**WORK INSTRUCTIONS**.
Output all of the data verbatim.
————————
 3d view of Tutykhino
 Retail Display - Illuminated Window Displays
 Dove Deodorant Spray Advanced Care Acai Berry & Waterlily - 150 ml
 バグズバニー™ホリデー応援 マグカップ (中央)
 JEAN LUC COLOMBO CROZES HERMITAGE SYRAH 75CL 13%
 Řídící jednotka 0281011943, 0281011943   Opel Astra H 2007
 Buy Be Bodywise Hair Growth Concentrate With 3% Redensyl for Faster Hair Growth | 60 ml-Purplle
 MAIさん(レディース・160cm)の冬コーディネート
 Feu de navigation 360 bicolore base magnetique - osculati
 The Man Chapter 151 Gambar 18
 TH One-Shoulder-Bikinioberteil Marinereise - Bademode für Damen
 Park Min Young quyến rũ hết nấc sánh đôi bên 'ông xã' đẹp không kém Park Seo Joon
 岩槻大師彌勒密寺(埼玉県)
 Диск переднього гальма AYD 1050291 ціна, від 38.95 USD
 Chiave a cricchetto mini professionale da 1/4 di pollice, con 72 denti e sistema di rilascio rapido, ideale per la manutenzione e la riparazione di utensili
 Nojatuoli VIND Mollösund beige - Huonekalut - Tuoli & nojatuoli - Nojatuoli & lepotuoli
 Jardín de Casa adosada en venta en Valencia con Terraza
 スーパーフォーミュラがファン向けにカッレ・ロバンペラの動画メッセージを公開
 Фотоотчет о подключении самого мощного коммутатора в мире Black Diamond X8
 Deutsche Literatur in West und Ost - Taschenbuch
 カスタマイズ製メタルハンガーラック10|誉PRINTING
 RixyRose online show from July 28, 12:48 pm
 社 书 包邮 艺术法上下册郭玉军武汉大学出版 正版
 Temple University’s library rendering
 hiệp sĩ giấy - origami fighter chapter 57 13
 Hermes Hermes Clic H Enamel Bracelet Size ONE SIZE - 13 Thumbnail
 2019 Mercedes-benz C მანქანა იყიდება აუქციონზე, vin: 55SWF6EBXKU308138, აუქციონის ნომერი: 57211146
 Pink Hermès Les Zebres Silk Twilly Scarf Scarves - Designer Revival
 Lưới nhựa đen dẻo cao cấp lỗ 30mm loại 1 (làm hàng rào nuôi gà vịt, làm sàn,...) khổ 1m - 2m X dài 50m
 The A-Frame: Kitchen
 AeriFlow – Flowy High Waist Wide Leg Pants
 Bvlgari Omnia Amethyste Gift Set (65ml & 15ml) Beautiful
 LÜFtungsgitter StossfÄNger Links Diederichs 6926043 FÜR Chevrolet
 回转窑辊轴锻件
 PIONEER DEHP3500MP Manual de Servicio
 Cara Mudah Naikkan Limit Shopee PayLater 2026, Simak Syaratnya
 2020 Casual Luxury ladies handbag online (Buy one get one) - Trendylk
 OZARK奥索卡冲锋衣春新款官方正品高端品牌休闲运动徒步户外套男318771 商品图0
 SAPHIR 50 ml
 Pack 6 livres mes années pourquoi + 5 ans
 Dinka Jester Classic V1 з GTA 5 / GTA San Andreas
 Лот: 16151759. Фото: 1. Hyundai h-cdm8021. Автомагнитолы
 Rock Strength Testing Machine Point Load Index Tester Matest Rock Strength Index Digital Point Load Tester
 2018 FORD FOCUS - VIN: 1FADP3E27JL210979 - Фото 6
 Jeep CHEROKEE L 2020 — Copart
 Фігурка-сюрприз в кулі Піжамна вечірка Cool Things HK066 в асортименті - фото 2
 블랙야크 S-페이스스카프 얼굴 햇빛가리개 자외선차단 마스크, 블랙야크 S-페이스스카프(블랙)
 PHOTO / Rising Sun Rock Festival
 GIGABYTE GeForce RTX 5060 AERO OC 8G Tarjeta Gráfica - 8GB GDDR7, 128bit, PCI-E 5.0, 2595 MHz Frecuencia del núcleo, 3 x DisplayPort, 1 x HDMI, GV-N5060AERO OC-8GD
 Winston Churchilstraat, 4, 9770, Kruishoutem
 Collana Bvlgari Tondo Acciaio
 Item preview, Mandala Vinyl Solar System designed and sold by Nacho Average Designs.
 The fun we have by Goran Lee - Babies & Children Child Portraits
————————
**RESPONSE TO THIS EXERCISE**.
 3d view of Tutykhino
 Retail Display - Illuminated Window Displays
 Dove Deodorant Spray Advanced Care Acai Berry & Waterlily - 150 ml
 バグズバニー™ホリデー応援 マグカップ (中央)
 JEAN LUC COLOMBO CROZES HERMITAGE SYRAH 75CL 13%
 Řídící jednotka 0281011943, 0281011943   Opel Astra H 2007
 Buy Be Bodywise Hair Growth Concentrate With 3% Redensyl for Faster Hair Growth | 60 ml-Purplle
 MAIさん(レディース・160cm)の冬コーディネート
 Feu de navigation 360 bicolore base magnetique - osculati
 The Man Chapter 151 Gambar 18
 TH One-Shoulder-Bikinioberteil Marinereise - Bademode für Damen
 Park Min Young quyến rũ hết nấc sánh đôi bên 'ông xã' đẹp không kém Park Seo Joon
 岩槻大師彌勒密寺(埼玉県)
 Диск переднього гальма AYD 1050291 ціна, від 38.95 USD
 Chiave a cricchetto mini professionale da 1/4 di pollice, con 72 denti e sistema di rilascio rapido, ideale per la manutenzione e la riparazione di utensili
 Nojatuoli VIND Mollösund beige - Huonekalut - Tuoli & nojatuoli - Nojatuoli & lepotuoli
 Jardín de Casa adosada en venta en Valencia con Terraza
 スーパーフォーミュラがファン向けにカッレ・ロバンペラの動画メッセージを公開
 Фотоотчет о подключении самого мощного коммутатора в мире Black Diamond X8
 Deutsche Literatur in West und Ost - Taschenbuch
 カスタマイズ製メタルハンガーラック10|誉PRINTING
 RixyRose online show from July 28, 12:48 pm
 社 书 包邮 艺术法上下册郭玉军武汉大学出版 正版
 Temple University’s library rendering
 hiệp sĩ giấy - origami fighter chapter 57 13
 Hermes Hermes Clic H Enamel Bracelet Size ONE SIZE - 13 Thumbnail
 2019 Mercedes-benz C მანქანა იყიდება აუქციონზე, vin: 55SWF6EBXKU308138, აუქციონის ნომერი: 57211146
 Pink Hermès Les Zebres Silk Twilly Scarf Scarves - Designer Revival
 Lưới nhựa đen dẻo cao cấp lỗ 30mm loại 1 (làm hàng rào nuôi gà vịt, làm sàn,...) khổ 1m - 2m X dài 50m
 The A-Frame: Kitchen
 AeriFlow – Flowy High Waist Wide Leg Pants
 Bvlgari Omnia Amethyste Gift Set (65ml & 15ml) Beautiful
 LÜFtungsgitter StossfÄNger Links Diederichs 6926043 FÜR Chevrolet
 回转窑辊轴锻件
 PIONEER DEHP3500MP Manual de Servicio
 Cara Mudah Naikkan Limit Shopee PayLater 2026, Simak Syaratnya
 2020 Casual Luxury ladies handbag online (Buy one get one) - Trendylk
 OZARK奥索卡冲锋衣春新款官方正品高端品牌休闲运动徒步户外套男318771 商品图0
 SAPHIR 50 ml
 Pack 6 livres mes années pourquoi + 5 ans
 Dinka Jester Classic V1 з GTA 5 / GTA San Andreas
 Лот: 16151759. Фото: 1. Hyundai h-cdm8021. Автомагнитолы
 Rock Strength Testing Machine Point Load Index Tester Matest Rock Strength Index Digital Point Load Tester
 2018 FORD FOCUS - VIN: 1FADP3E27JL210979 - Фото 6
 Jeep CHEROKEE L 2020 — Copart
 Фігурка-сюрприз в кулі Піжамна вечірка Cool Things HK066 в асортименті - фото 2
 블랙야크 S-페이스스카프 얼굴 햇빛가리개 자외선차단 마스크, 블랙야크 S-페이스스카프(블랙)
 PHOTO / Rising Sun Rock Festival
 GIGABYTE GeForce RTX 5060 AERO OC 8G Tarjeta Gráfica - 8GB GDDR7, 128bit, PCI-E 5.0, 2595 MHz Frecuencia del núcleo, 3 x DisplayPort, 1 x HDMI, GV-N5060AERO OC-8GD
 Winston Churchilstraat, 4, 9770, Kruishoutem
 Collana Bvlgari Tondo Acciaio
 Item preview, Mandala Vinyl Solar System designed and sold by Nacho Average Designs.
 The fun we have by Goran Lee - Babies & Children Child Portraits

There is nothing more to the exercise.